An 18-month-old is brought by her father to the well-baby clinic for a routine immunization. Just before the nurse gives the child the injection, the toddler begins to cry.
Which of the following comments by the nurse is the MOST appropriate?
- A. Don't cry. It will be better if you try to behave.'
- B. I know you are frightened. It will be over with soon.'
- C. A big girl like you shouldn't cry. It's only going to hurt a little.'
- D. Please stop crying. There is nothing to be afraid of.'
Correct Answer: B
Rationale: Strategy: Remember therapeutic communication (1) nontherapeutic, doesn't respond to feeling tone and tells child what to do (2) correct-doesn't minimize child's reaction, responds to feeling tone (3) nontherapeutic, minimizes child's reaction (4) nontherapeutic, minimizes child's reaction, should indicate it is OK to feel afraid
The nurse is caring for a client who is receiving a blood transfusion. Which of the following findings would be of GREATest concern to the nurse?

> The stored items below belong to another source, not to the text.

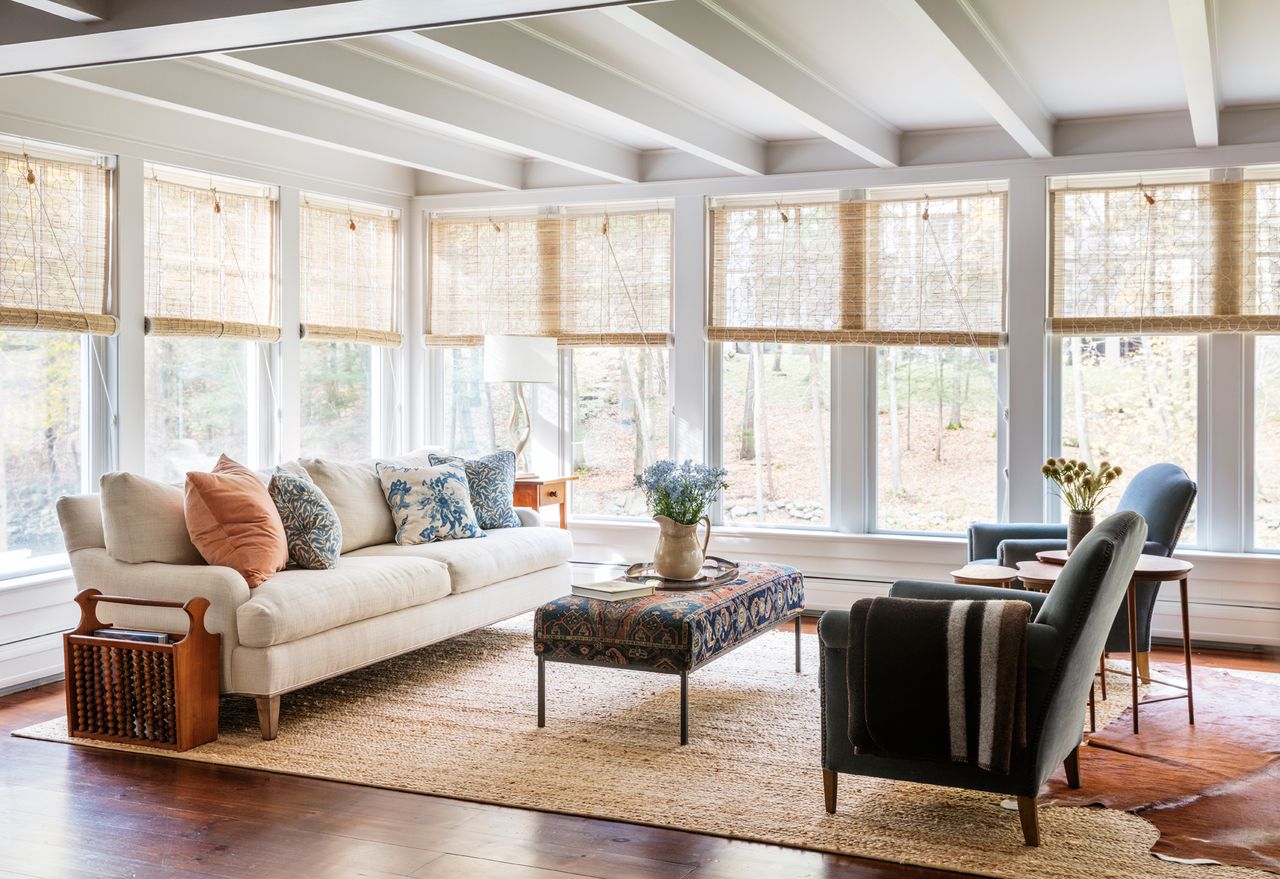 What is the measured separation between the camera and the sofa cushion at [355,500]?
533cm

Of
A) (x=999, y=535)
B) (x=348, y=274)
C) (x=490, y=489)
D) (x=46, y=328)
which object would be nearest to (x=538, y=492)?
(x=490, y=489)

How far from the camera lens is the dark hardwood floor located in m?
3.07

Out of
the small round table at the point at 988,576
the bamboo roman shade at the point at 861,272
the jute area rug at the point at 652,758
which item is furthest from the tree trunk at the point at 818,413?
the small round table at the point at 988,576

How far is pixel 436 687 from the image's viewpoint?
4977mm

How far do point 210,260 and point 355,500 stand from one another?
4.94 feet

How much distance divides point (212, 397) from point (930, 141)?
397 centimetres

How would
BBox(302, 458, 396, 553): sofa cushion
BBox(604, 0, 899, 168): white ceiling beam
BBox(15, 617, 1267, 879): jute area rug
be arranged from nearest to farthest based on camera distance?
BBox(15, 617, 1267, 879): jute area rug, BBox(604, 0, 899, 168): white ceiling beam, BBox(302, 458, 396, 553): sofa cushion

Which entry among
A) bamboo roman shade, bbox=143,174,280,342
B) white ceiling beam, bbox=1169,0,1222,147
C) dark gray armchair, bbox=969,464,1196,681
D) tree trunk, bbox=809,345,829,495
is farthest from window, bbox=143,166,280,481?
→ white ceiling beam, bbox=1169,0,1222,147

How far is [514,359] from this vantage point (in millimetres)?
6375

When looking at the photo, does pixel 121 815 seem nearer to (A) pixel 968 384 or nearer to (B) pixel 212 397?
(B) pixel 212 397

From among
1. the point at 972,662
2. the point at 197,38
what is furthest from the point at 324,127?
the point at 972,662

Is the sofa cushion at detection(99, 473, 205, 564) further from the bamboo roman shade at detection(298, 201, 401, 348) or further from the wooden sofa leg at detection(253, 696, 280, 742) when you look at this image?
the bamboo roman shade at detection(298, 201, 401, 348)

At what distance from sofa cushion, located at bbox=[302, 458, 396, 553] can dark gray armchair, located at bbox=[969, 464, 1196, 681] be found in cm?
277

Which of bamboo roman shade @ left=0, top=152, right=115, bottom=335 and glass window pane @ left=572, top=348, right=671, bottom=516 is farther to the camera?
glass window pane @ left=572, top=348, right=671, bottom=516
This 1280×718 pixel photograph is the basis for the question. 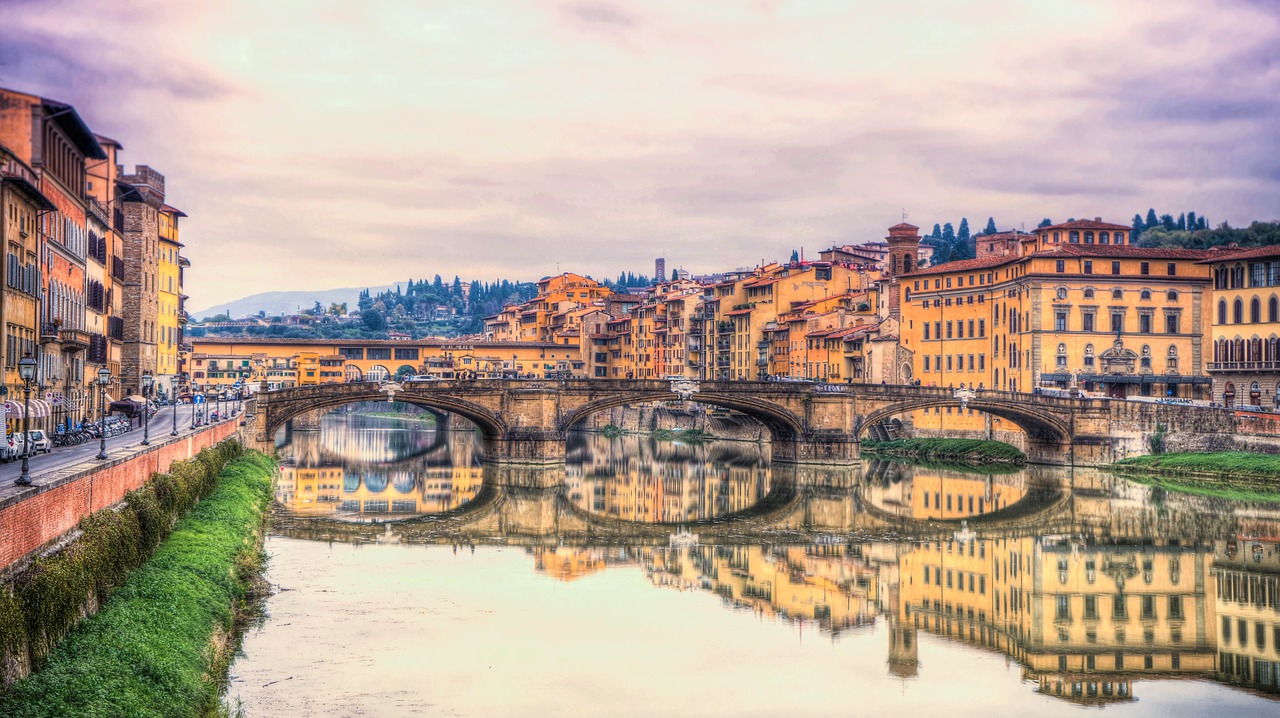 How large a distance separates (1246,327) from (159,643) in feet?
230

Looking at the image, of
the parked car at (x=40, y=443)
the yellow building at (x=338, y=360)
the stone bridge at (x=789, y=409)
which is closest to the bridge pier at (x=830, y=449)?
the stone bridge at (x=789, y=409)

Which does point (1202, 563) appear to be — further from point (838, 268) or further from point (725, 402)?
point (838, 268)

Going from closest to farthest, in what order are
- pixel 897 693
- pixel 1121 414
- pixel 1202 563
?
pixel 897 693
pixel 1202 563
pixel 1121 414

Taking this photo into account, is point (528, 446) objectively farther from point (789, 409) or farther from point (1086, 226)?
point (1086, 226)

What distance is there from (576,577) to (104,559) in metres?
17.6

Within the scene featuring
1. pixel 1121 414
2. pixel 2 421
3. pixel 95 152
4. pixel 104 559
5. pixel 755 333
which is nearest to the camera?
pixel 104 559

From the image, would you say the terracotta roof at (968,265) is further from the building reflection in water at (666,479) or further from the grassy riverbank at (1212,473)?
the grassy riverbank at (1212,473)

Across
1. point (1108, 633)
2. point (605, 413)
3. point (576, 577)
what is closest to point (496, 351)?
point (605, 413)

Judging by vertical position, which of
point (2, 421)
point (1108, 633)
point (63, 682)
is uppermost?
point (2, 421)

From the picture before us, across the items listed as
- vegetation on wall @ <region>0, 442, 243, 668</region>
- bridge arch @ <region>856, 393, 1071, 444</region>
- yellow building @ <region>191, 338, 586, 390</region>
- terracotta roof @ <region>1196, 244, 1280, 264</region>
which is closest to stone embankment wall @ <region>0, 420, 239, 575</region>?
vegetation on wall @ <region>0, 442, 243, 668</region>

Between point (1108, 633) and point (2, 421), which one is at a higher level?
point (2, 421)

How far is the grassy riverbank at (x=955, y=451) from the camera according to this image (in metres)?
79.4

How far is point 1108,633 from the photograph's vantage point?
31562 millimetres

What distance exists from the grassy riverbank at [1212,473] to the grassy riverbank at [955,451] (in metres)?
7.76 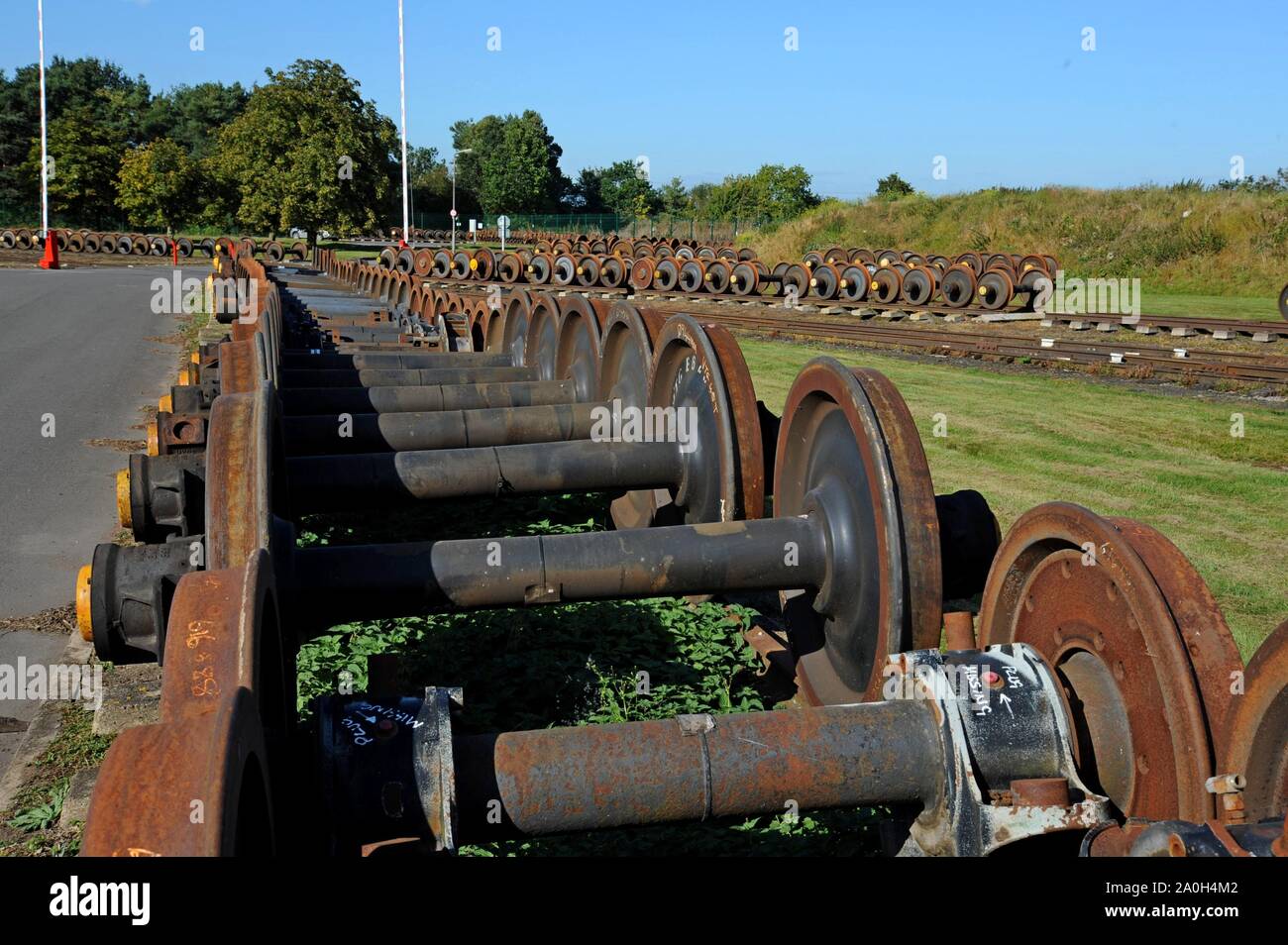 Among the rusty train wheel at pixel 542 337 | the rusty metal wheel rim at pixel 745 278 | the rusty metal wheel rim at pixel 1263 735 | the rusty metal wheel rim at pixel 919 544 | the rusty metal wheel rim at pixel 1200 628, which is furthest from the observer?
the rusty metal wheel rim at pixel 745 278

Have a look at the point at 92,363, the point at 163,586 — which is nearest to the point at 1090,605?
the point at 163,586

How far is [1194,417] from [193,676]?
10.7 meters

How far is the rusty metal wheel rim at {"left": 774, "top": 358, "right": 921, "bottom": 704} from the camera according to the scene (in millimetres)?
3119

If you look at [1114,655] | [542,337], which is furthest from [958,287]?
[1114,655]

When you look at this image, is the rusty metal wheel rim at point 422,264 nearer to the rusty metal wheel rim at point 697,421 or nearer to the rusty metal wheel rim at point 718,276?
the rusty metal wheel rim at point 718,276

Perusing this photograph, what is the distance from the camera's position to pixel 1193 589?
2.28 metres

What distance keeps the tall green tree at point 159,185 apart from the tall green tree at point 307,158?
7.48m

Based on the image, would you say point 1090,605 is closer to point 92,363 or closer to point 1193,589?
point 1193,589

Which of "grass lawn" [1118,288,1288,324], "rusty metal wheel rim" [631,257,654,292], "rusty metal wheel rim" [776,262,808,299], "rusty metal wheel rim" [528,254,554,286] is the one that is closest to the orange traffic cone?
"rusty metal wheel rim" [528,254,554,286]

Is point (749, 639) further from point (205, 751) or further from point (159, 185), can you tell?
point (159, 185)

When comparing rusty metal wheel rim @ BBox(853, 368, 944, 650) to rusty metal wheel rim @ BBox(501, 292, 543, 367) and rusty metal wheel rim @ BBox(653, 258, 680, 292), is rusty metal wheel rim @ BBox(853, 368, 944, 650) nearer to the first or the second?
rusty metal wheel rim @ BBox(501, 292, 543, 367)

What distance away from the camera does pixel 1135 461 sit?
27.9 ft

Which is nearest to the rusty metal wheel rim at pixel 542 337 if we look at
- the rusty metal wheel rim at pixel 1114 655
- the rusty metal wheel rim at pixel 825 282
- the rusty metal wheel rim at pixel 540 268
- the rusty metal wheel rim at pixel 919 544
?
the rusty metal wheel rim at pixel 919 544

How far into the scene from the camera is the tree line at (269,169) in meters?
42.7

- A. Temperature of 100.4°F (38°C).
- B. Heart rate of 90 bpm.
- C. Respiratory rate of 18 breaths/min.
- D. Blood pressure of 120/80 mmHg.
Correct Answer: A
Rationale: A temperature of 100.4°F during a blood transfusion suggests a transfusion reaction, such as febrile non-hemolytic reaction, requiring immediate cessation of the transfusion. Options B, C, and D are normal: heart rate 90 bpm, respiratory rate 18 breaths/min, and blood pressure 120/80 mmHg do not indicate complications.
A client on a psychiatric unit is glaring across the room and pointing a finger at empty space and yelling. What is the nurse's best response to the client's behavior?
- A. Say to him, 'There is no one there. Keep your voice down.'
- B. Escort the client to his room
- C. Restrain the client
- D. Offer PRN haloperidol (Haldol) as ordered
Correct Answer: B
Rationale: Escorting the client to a quieter space de-escalates agitation and ensures safety, addressing potential psychosis calmly.